### Directions for this task
Your copy should hold only the lines from the one with "2025-2026 Global Excello" to the one with "Lámpara de pie", both included, each exactly as it stands below, with no pictures.

### Data provided

__________________________________________________

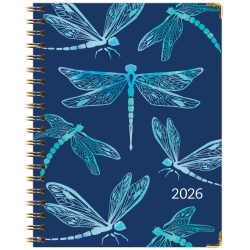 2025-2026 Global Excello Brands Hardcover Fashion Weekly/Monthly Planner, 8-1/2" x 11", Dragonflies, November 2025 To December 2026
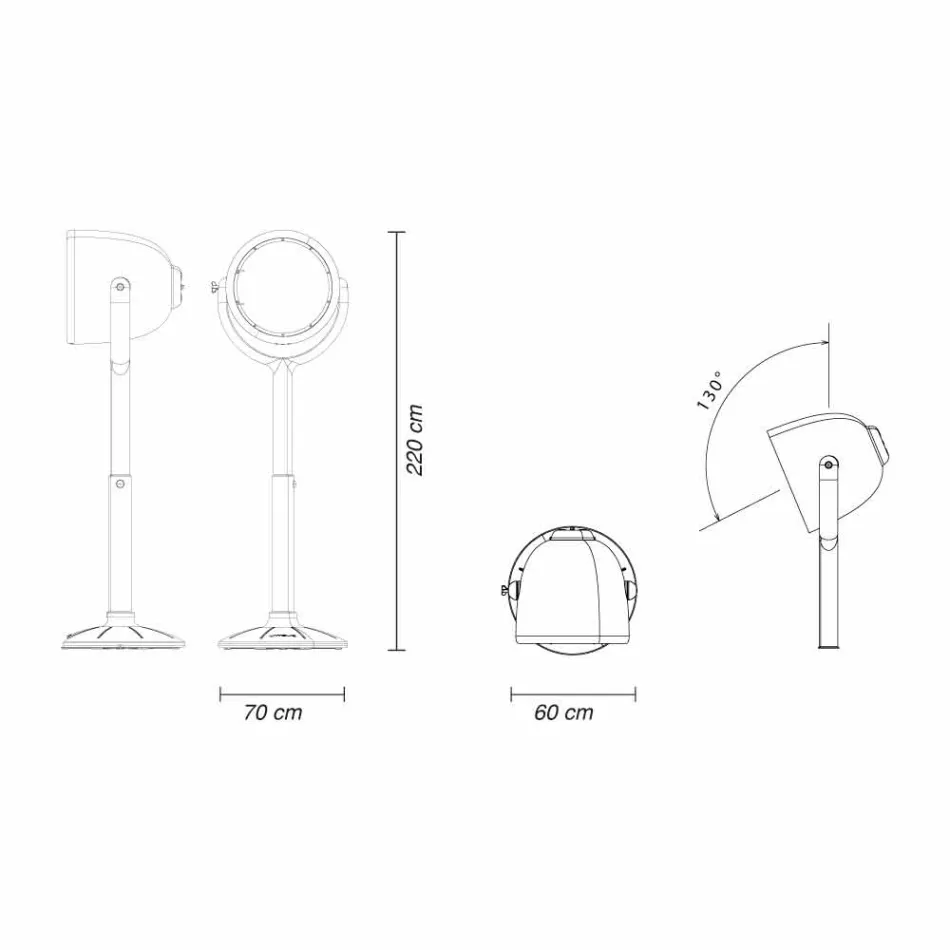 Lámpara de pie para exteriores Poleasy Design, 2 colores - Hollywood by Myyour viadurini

__________________________________________________

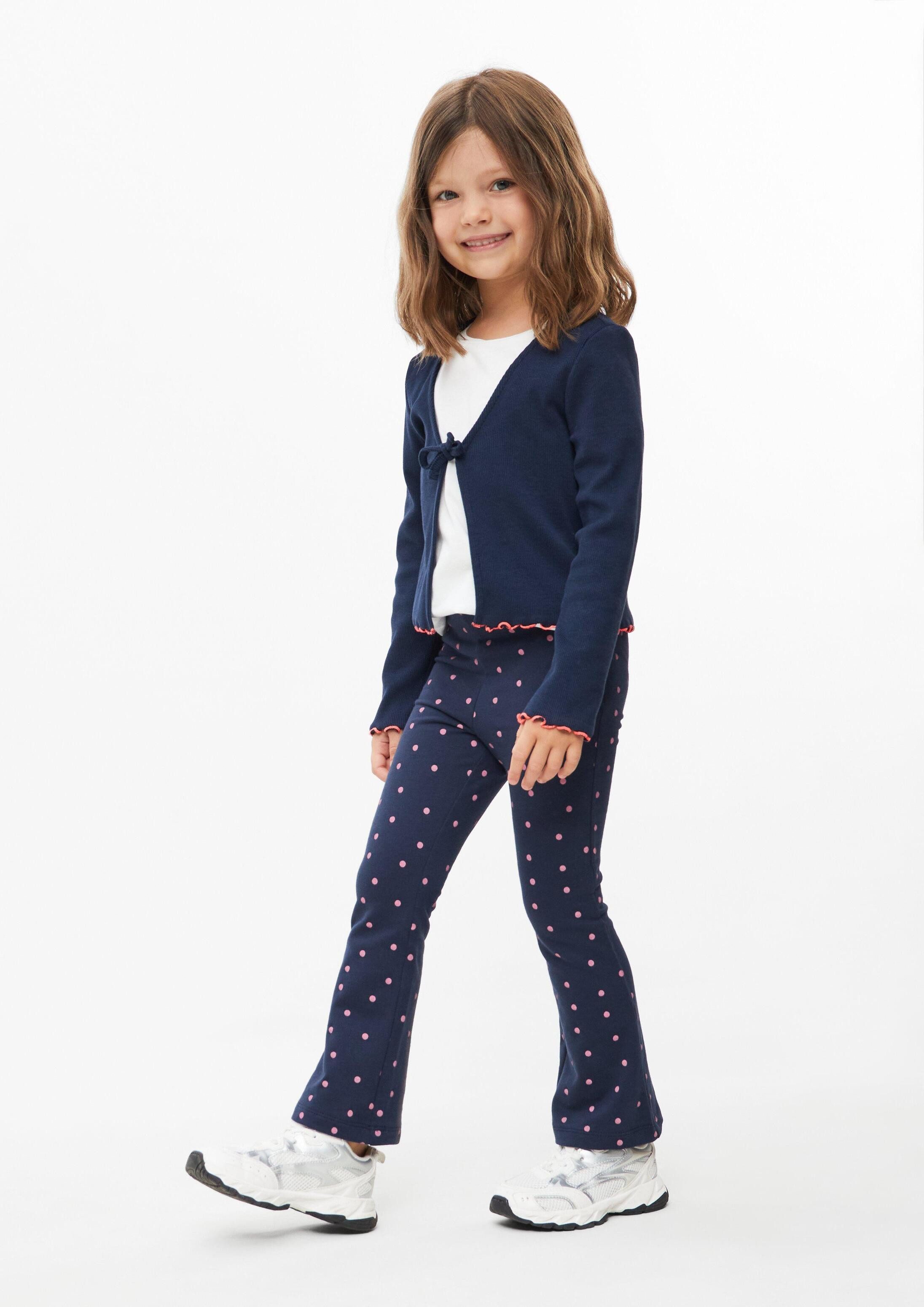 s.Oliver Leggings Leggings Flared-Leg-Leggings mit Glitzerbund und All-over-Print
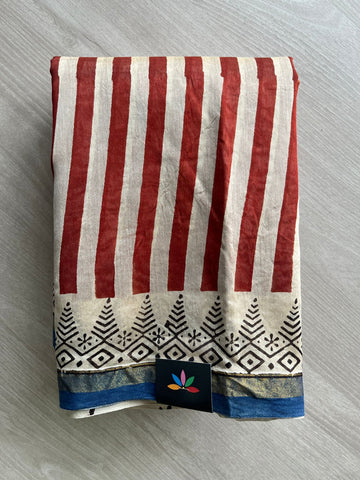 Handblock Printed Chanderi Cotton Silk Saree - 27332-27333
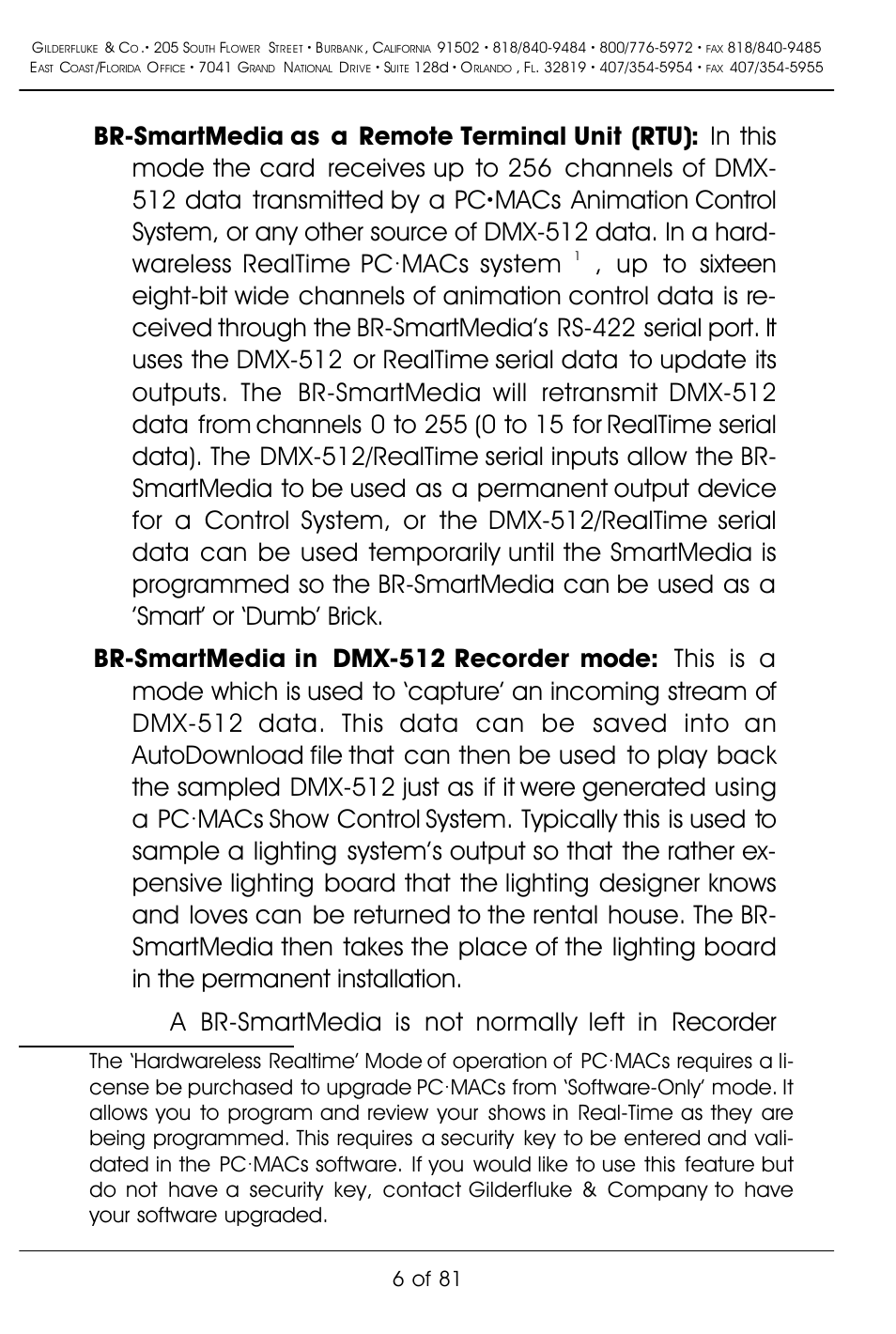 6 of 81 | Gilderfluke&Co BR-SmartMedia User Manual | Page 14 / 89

__________________________________________________

### Result
 2025-2026 Global Excello Brands Hardcover Fashion Weekly/Monthly Planner, 8-1/2" x 11", Dragonflies, November 2025 To December 2026
 Lámpara de pie para exteriores Poleasy Design, 2 colores - Hollywood by Myyour viadurini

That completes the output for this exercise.